Data360 Chat — Comprehensive Architecture and Scoping
Status: Current reference (repo-only; not in MkDocs nav).
For agent/node behavior, see Agents and chat flow.
1. Executive summary
Data360 Chat (repository: vercel-ai-chatbot) is a self-hostable, full-stack conversational AI application for World Bank development data. Staff use natural language to search indicators, retrieve time series, generate charts, and work with documents.
| Aspect | Choice |
|---|---|
| Frontend | Next.js 16 (App Router), React 19, TypeScript |
| Backend | FastAPI (Python 3.11+), LangGraph AI pipeline, LiteLLM |
| Data | PostgreSQL (backend-owned); optional Redis (resumable streams) |
| External AI/data | Azure OpenAI (via LiteLLM), Data360 MCP server |
| Reference deployment | Azure App Service (separate frontend + backend web apps) |
| Local development | Docker Compose (db, backend, frontend; optional redis profile) |
The browser talks only to the Next.js origin. All API and SSE traffic is proxied to FastAPI. The backend is the authority for identity, chat persistence, and AI orchestration.
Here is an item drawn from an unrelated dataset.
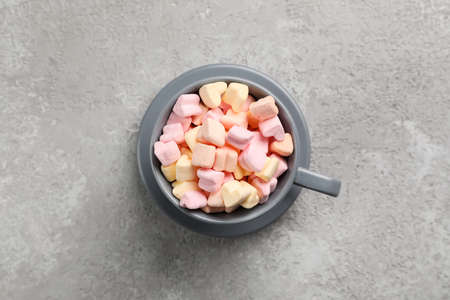 Cup with tasty marshmallows on gray backgroundの写真素材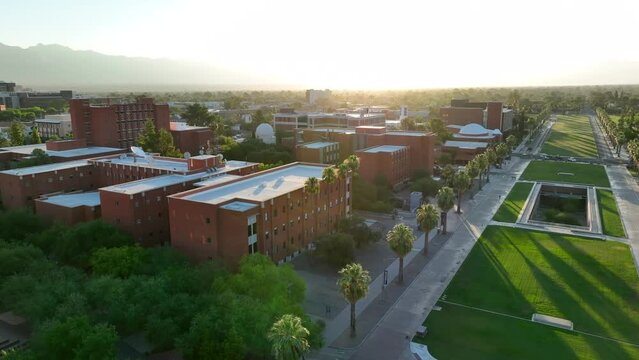 Cinematic aerial establishing shot of academic buildings on college campus of University of Arizona. Beautiful sunrise over Tucson, Arizona school landscape.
2. System context (C4 Level 1)
flowchart TB
User[Staff user]
Browser[Web browser]
FE[Next.js frontend]
BE[FastAPI backend]
PG[(PostgreSQL)]
Redis[(Redis optional)]
MCP[Data360 MCP server]
LLM[Azure OpenAI via LiteLLM]
User --> Browser
Browser --> FE
FE -->|HTTPS proxy /api/*| BE
BE --> PG
BE --> Redis
BE --> MCP
BE --> LLM
MCP -->|Charts API write| BE
Actors
- Staff user — Authenticated via guest, email/password, Azure AD (MSAL), or Data360 redirect.
- Data360 MCP server — Exposes data and visualization tools; may write chart specs to the backend Charts API.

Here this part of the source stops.